Friday, July 15, 2011

Business, F2P, MMORPGs and basic math

My past two columns have been digging into Zynga numbers from their S1 statement to see what we can learn about the real F2P business. Today, I'm going to do some basic math with the, Don't worry, its nothing worse the multiplication, division, addition and subtraction. just those simple tools can generate some very interesting results.

The big squawk in the MMORPG space right now is about MMORPGs turning to F2P/Micro-transaction models. Its being hailed as some great new trend, but I've always maintained that the economics were fairly clear. That this isn't a viable way to make money in this space. Why then do it? Because, I contend, in all these cases you have failed MMORPGs with sunk costs to recover and some income is better then none.
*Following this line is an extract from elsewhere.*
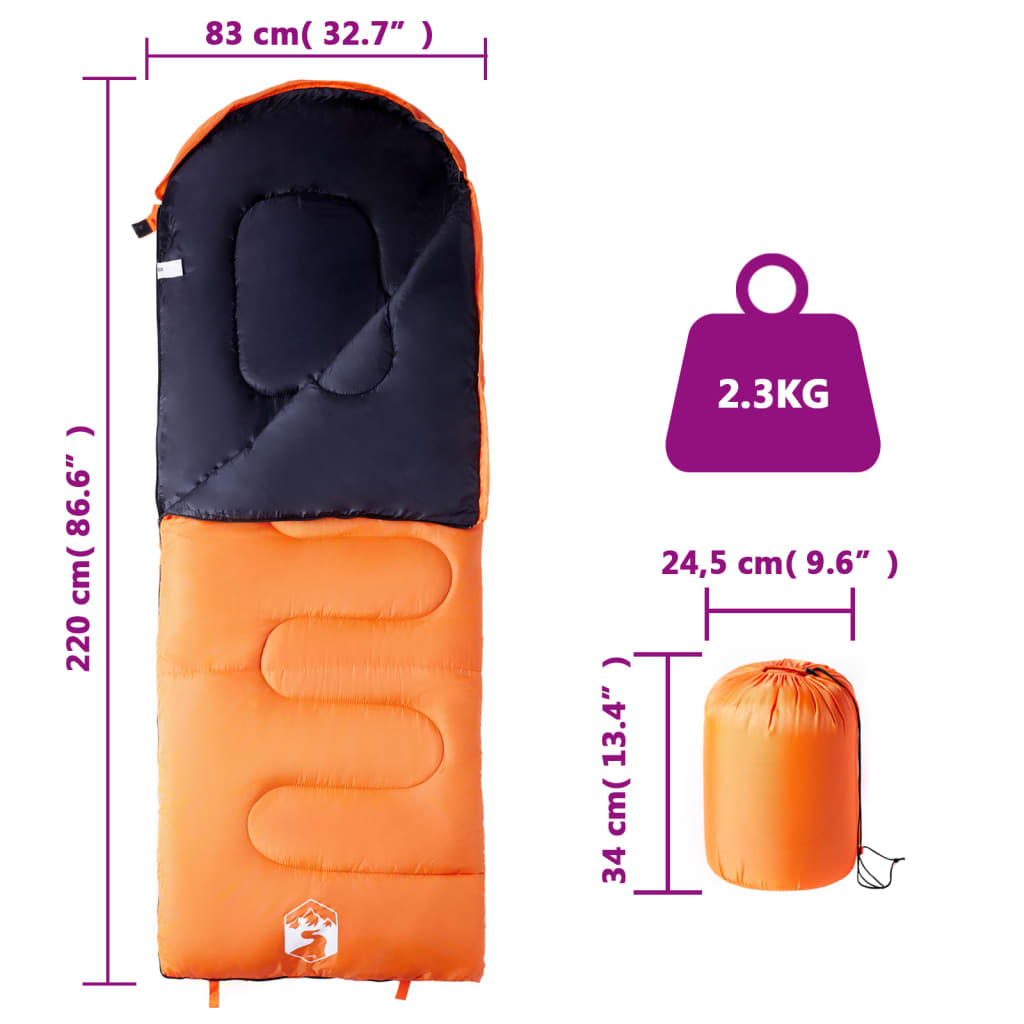vidaXL Sleeping Bag for Adults Camping 3-4 Seasons - Orange - 200 x 83 cm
With the hard Zynga data, we can explore this topic a little bit better.

Two columns ago, I dug out of Zynga's numbers a clear data point-- that Zynga grossed $3.21 per year per active account in 2010; Last column, with a bit deeper analysis, I concluded that they see a raw margin over operating expenses of about 20%. This means a net before marketing and such of about $0.64 per active account.

So, lets make a few assumptions:
(1) Zynga is the master at this and represents a best-case long term return (a fairly reasonable assumption i think.)

(2) Your MMORPG costs $40M to develop. (Age of Conan was $40m as per http://forums.ageofconan.com/showthread.php?t=149585&page=3, Wow cost $68M to develop http://www.raphkoster.com/2006/06/13/what-wow-cost/. So that seems conservative.)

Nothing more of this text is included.